====== Recorded data ======
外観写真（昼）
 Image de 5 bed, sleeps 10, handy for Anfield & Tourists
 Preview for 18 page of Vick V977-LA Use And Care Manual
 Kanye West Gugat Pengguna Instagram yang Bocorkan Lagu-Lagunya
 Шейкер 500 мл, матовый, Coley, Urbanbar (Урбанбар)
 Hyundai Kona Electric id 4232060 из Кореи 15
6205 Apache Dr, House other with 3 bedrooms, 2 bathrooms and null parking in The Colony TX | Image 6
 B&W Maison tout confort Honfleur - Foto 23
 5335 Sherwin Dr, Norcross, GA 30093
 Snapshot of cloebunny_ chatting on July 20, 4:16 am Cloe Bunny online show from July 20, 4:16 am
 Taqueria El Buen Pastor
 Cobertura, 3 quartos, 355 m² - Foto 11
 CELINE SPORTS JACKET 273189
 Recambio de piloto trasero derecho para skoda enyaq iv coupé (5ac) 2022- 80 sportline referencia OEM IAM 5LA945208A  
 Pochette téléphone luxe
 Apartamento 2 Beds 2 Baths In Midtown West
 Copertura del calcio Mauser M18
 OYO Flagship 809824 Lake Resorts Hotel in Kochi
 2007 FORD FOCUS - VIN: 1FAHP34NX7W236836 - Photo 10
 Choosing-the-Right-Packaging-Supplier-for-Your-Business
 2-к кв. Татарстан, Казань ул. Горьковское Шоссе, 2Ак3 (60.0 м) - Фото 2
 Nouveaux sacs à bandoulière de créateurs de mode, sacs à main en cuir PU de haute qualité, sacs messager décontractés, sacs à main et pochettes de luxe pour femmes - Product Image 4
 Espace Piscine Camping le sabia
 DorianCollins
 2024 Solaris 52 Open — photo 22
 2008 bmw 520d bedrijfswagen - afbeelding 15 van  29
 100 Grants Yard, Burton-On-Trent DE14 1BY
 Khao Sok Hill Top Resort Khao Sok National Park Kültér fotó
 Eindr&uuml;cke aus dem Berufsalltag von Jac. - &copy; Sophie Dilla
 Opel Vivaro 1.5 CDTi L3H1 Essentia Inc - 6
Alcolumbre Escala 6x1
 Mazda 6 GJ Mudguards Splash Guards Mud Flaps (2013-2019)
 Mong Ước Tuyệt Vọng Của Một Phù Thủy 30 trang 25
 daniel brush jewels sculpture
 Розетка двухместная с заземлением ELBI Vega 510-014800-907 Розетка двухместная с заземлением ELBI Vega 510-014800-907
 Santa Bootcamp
======
Work instruction
Set down, word for word, every line from the line that holds "daniel brush jewels sculpture" to the end of the entries above, including both ends.

Written response
 daniel brush jewels sculpture
 Розетка двухместная с заземлением ELBI Vega 510-014800-907 Розетка двухместная с заземлением ELBI Vega 510-014800-907
 Santa Bootcamp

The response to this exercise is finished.